#### Data provided

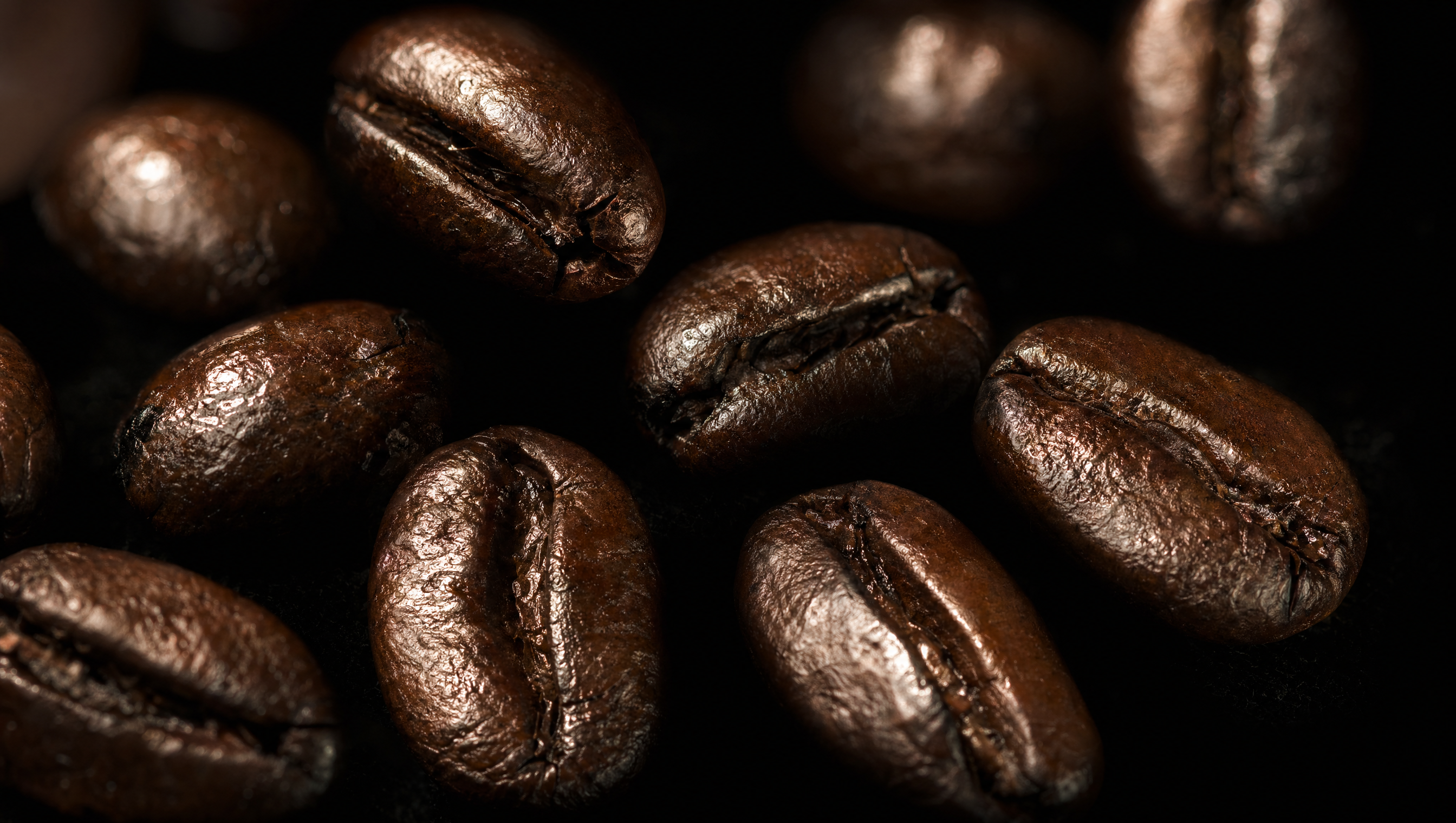 Dunkel geröstete, glänzende Espressobohnen in extremer Makroaufnahme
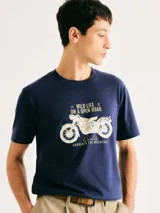Camiseta de corte regular color azul marino, con cuello redondo y mangas cortas. Presenta una estampa frontal en tonos claros que incluye la ilustración de una motocicleta y texto alusivo a la aventura.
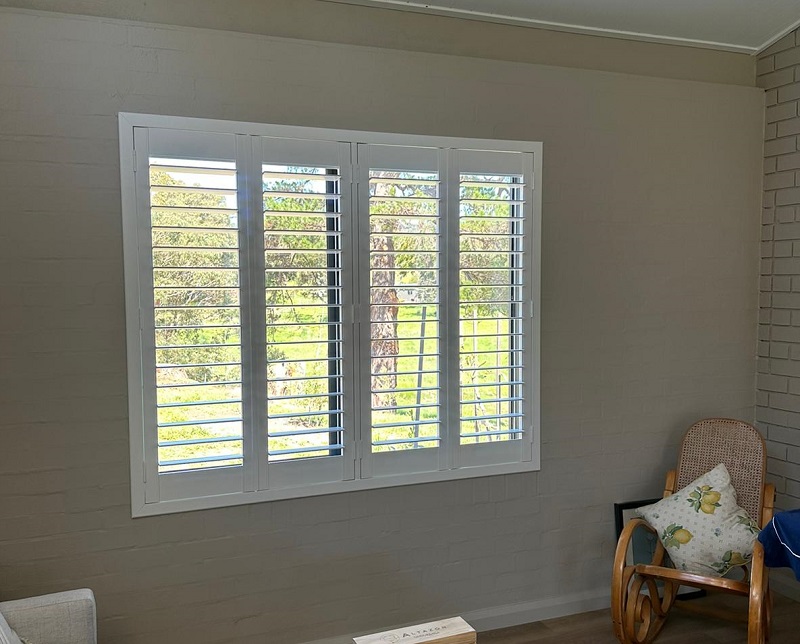 Timber Plantation shutters painted white installed in lounge room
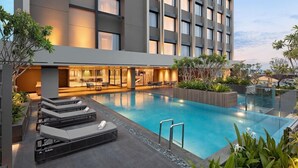 A modern hotel with a rooftop pool, lounge chairs, and a well-lit interior. - Mercure Madiun (Madiun)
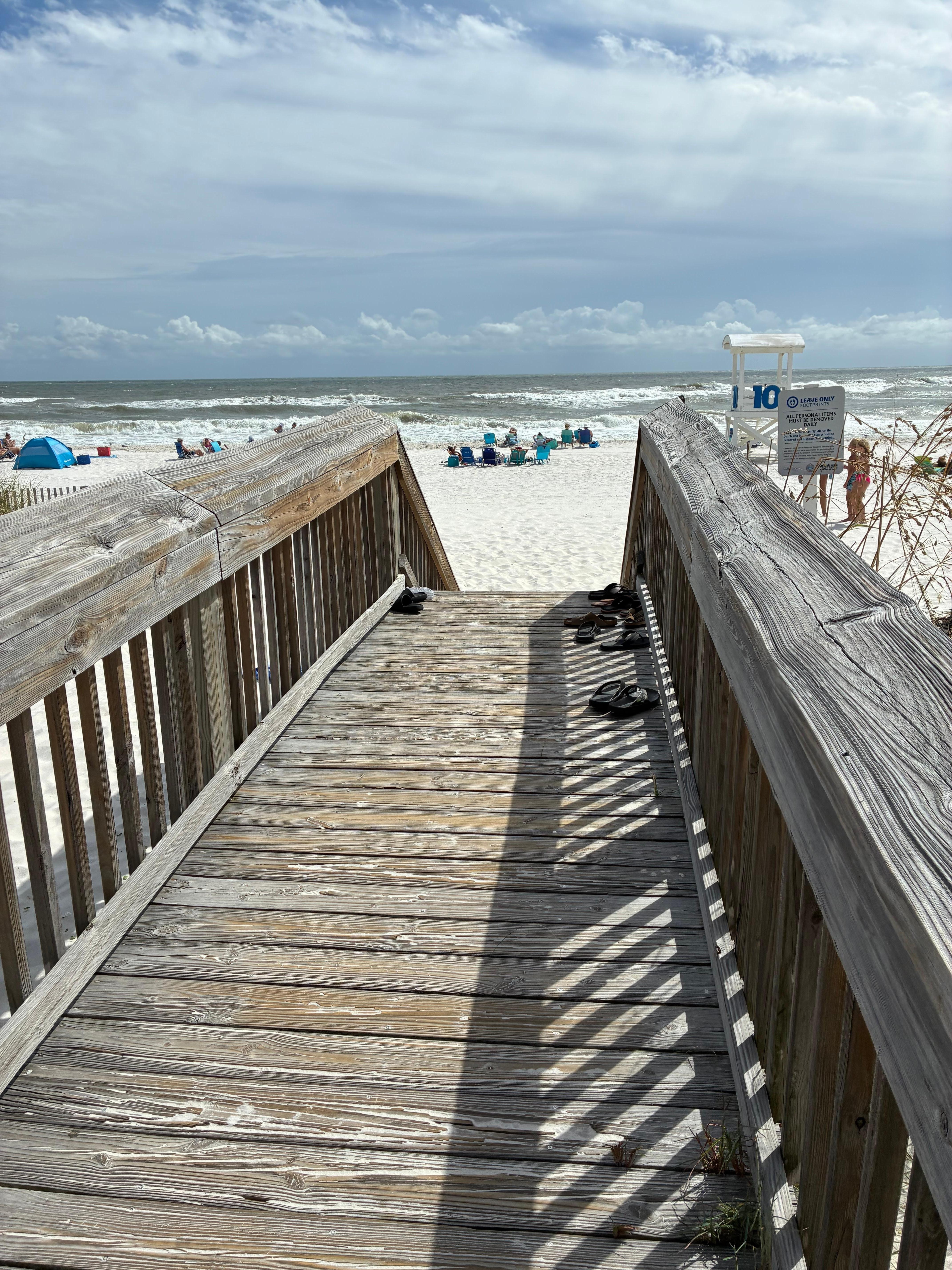 Walk to the beach and has a shower and bathroom at the entrance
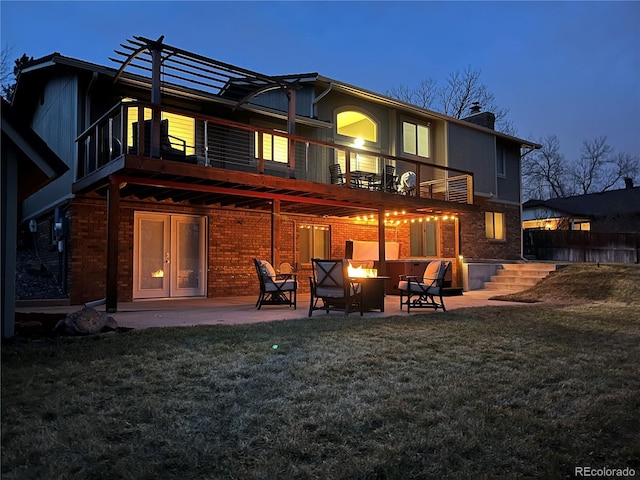 rear view of house with brick siding, an outdoor fire pit, a lawn, a chimney, and a patio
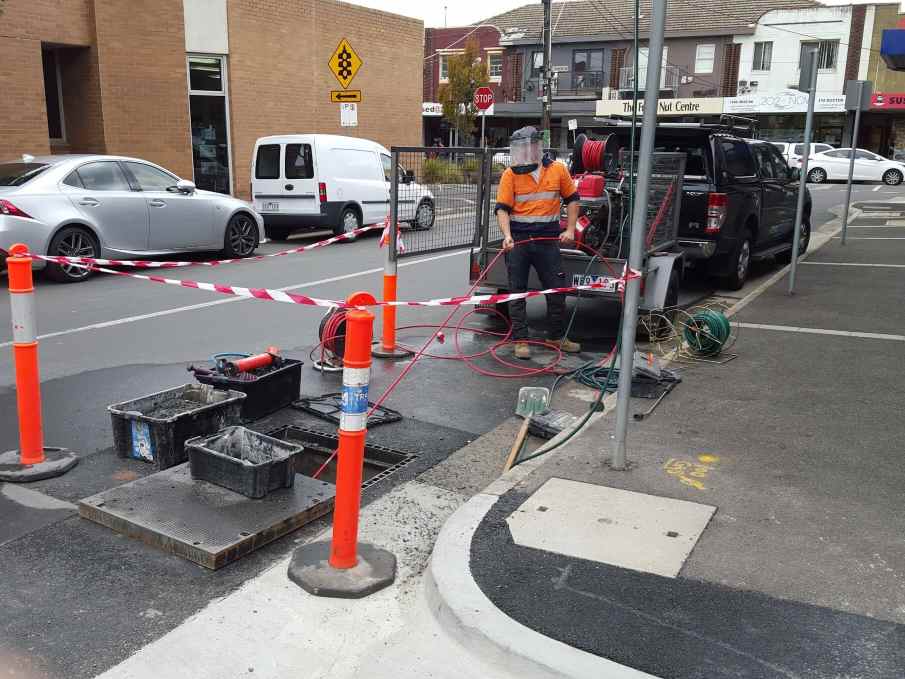 plumber unblocking stormwater pipes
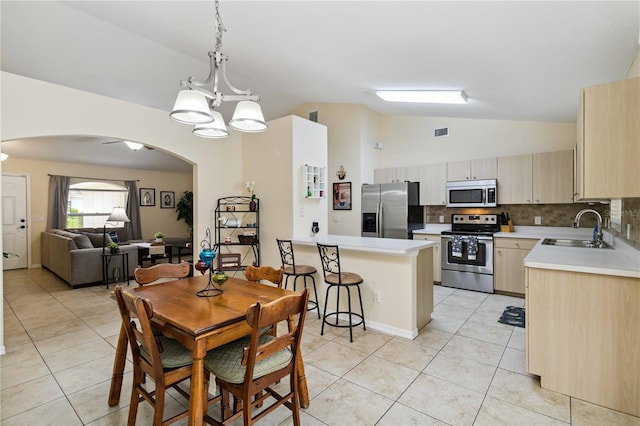 4649 72nd Ct E, Bradenton, FL 34203 - dining space featuring lofted ceiling, light tile patterned floors, arched walkways, and a chandelier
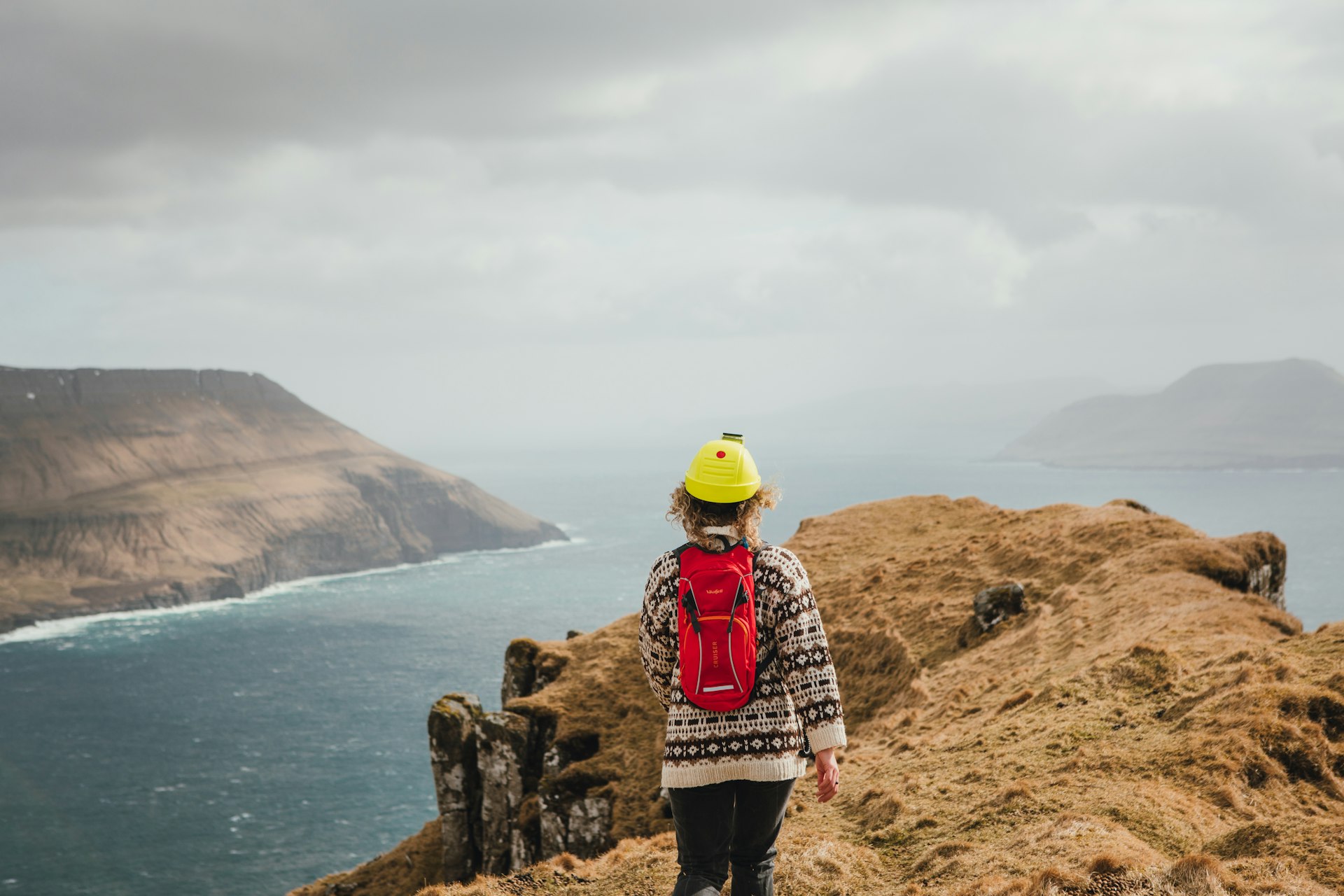 A woman explore the countyside of the Faroe Islands. 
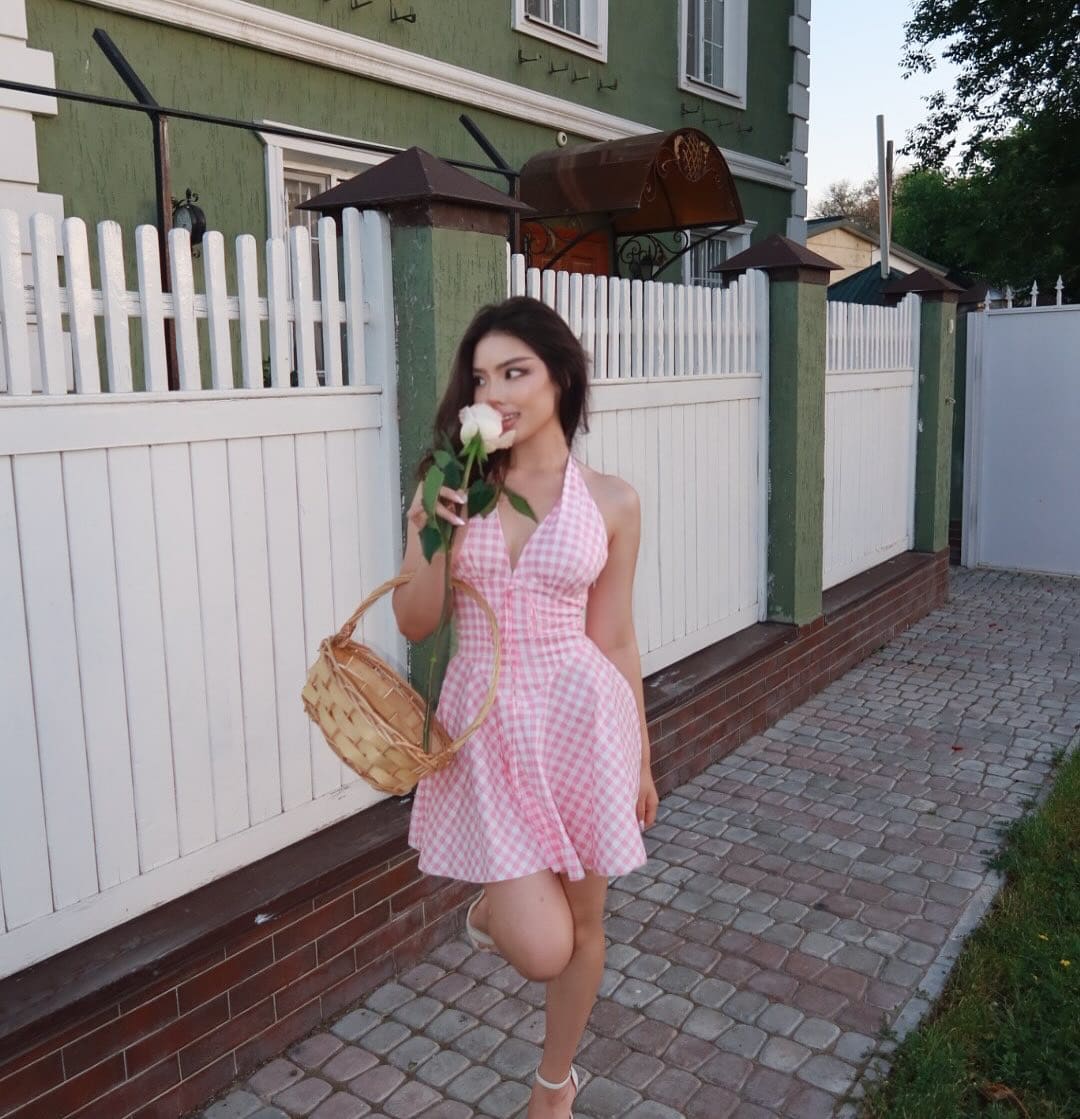 Mujer con pelo oscuro largo sobre un camino empedrado junto a una valla blanca, luciendo un vestido halter rosa y blanco a cuadros y sosteniendo una rosa.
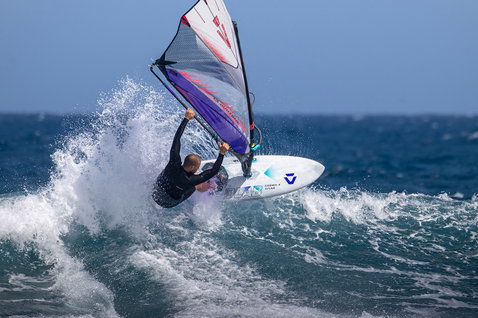 Duotone Cosmic 4 D/LAB windsurf wave board during wave riding on the ocean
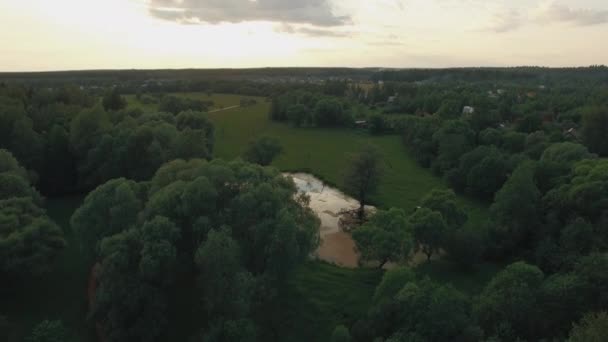 Vue sur la forêt, le lac et les maisons de campagne contre le ciel bleu avec soleil et nuages au coucher du soleil en été, Russie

########

[Problem requirements]
All of the records should be output exactly as they stand, with pictures omitted.

[Task output]
 Dunkel geröstete, glänzende Espressobohnen in extremer Makroaufnahme
Camiseta de corte regular color azul marino, con cuello redondo y mangas cortas. Presenta una estampa frontal en tonos claros que incluye la ilustración de una motocicleta y texto alusivo a la aventura.
 Timber Plantation shutters painted white installed in lounge room
 A modern hotel with a rooftop pool, lounge chairs, and a well-lit interior. - Mercure Madiun (Madiun)
 Walk to the beach and has a shower and bathroom at the entrance
 rear view of house with brick siding, an outdoor fire pit, a lawn, a chimney, and a patio
 plumber unblocking stormwater pipes
 4649 72nd Ct E, Bradenton, FL 34203 - dining space featuring lofted ceiling, light tile patterned floors, arched walkways, and a chandelier
 A woman explore the countyside of the Faroe Islands. 
 Mujer con pelo oscuro largo sobre un camino empedrado junto a una valla blanca, luciendo un vestido halter rosa y blanco a cuadros y sosteniendo una rosa.
 Duotone Cosmic 4 D/LAB windsurf wave board during wave riding on the ocean
 Vue sur la forêt, le lac et les maisons de campagne contre le ciel bleu avec soleil et nuages au coucher du soleil en été, Russie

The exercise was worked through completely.